Fig. 1.

High glucose (HG) induces activation of activator protein 1 (AP-1) in part via TRAF3 interacting protein 2 (TRAF3IP2) and JNK in human aortic endothelial cells (HAECs). A: HG (25 mM d-glucose) induces time-dependent TRAF3IP2 expression. At 70% confluency, the complete medium on HAECs was replaced with endothelial basal medium-2 (without supplements) for 2 h, and cells were then incubated with HG for the indicated time periods and analyzed for TRAF3IP2 protein expression by immunoblot analysis. B: HG (15 and 25 mM), but not mannitol, induces TRAF3IP2 expression. HAECs treated as in A with HG or mannitol for 30 min were analyzed for TRAF3IP2 by immunoblot analysis.
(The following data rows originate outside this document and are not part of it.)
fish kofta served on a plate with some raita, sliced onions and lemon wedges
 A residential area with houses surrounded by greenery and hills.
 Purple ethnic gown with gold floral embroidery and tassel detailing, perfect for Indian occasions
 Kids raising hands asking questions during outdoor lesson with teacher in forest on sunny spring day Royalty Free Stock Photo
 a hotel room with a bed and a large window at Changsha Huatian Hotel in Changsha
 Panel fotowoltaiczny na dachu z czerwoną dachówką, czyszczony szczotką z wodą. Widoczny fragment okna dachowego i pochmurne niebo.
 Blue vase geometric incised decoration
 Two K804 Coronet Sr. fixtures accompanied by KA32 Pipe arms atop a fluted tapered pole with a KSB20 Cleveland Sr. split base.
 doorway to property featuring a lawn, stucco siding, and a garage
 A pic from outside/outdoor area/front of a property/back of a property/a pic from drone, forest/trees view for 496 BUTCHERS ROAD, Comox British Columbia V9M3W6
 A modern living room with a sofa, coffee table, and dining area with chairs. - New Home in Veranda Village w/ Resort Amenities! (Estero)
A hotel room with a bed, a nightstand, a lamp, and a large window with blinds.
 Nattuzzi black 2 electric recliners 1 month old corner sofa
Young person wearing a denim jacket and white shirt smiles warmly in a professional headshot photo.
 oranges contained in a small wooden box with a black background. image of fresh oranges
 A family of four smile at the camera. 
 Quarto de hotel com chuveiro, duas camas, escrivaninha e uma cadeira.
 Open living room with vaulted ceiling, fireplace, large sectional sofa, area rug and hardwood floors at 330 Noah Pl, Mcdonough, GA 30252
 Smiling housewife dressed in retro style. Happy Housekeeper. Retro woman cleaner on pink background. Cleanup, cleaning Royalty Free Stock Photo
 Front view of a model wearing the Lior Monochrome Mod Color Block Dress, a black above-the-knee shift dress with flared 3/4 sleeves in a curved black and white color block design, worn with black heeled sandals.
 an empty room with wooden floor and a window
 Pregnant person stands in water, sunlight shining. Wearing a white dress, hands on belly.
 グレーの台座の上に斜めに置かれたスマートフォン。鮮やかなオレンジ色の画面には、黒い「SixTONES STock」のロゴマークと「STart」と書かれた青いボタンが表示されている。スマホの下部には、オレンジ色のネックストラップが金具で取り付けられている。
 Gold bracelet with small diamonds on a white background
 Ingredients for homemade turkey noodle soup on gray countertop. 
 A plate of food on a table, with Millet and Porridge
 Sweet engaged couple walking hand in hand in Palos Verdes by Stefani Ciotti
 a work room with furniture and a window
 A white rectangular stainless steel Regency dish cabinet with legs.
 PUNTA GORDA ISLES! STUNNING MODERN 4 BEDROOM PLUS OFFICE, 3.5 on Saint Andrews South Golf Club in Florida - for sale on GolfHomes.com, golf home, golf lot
C: HG (25 mM) induces time-dependent JNK activation. HAECs treated as in A with HG were analyzed for JNK activation using activation-specific antibodies. Total JNK served as a control. D: HG (25 mM) induces JNK activation via TRAF3IP2. At 50% confluency, HAECs were infected with lentiviral TRAF3IP2 or control enhanced green fluorescent protein (eGFP) shRNA (multiplicity of infection 0.5 for 48 h). Cells were then treated with HG for 60 min. Total and activated JNK were analyzed as in C. Knockdown of TRAF3IP2 was confirmed by immunoblot analysis and is shown on the right. ASK1 served as an off-target control. E: HG (25 mM) induced AP-1 activation via TRAF3IP2 and JNK. HAECs infected with TRAF3IP2 or JNK1 shRNA or pretreated with the JNK inhibitor SP600125 (20 µM for 30 min) were incubated with HG for 60 min and analyzed for AP-1 activation by immunoblot analysis using antibodies that specifically detect phosphorylated c-Jun at Ser⁷³. Knockdown of JNK1 is shown in the top right. Bar graphs in A–E represent densitometric analyses from 3 independent experiments. *P ≤ 0.05 vs. control (i.e., open bar); †P ≤ 0.05 vs. HG (n = 3).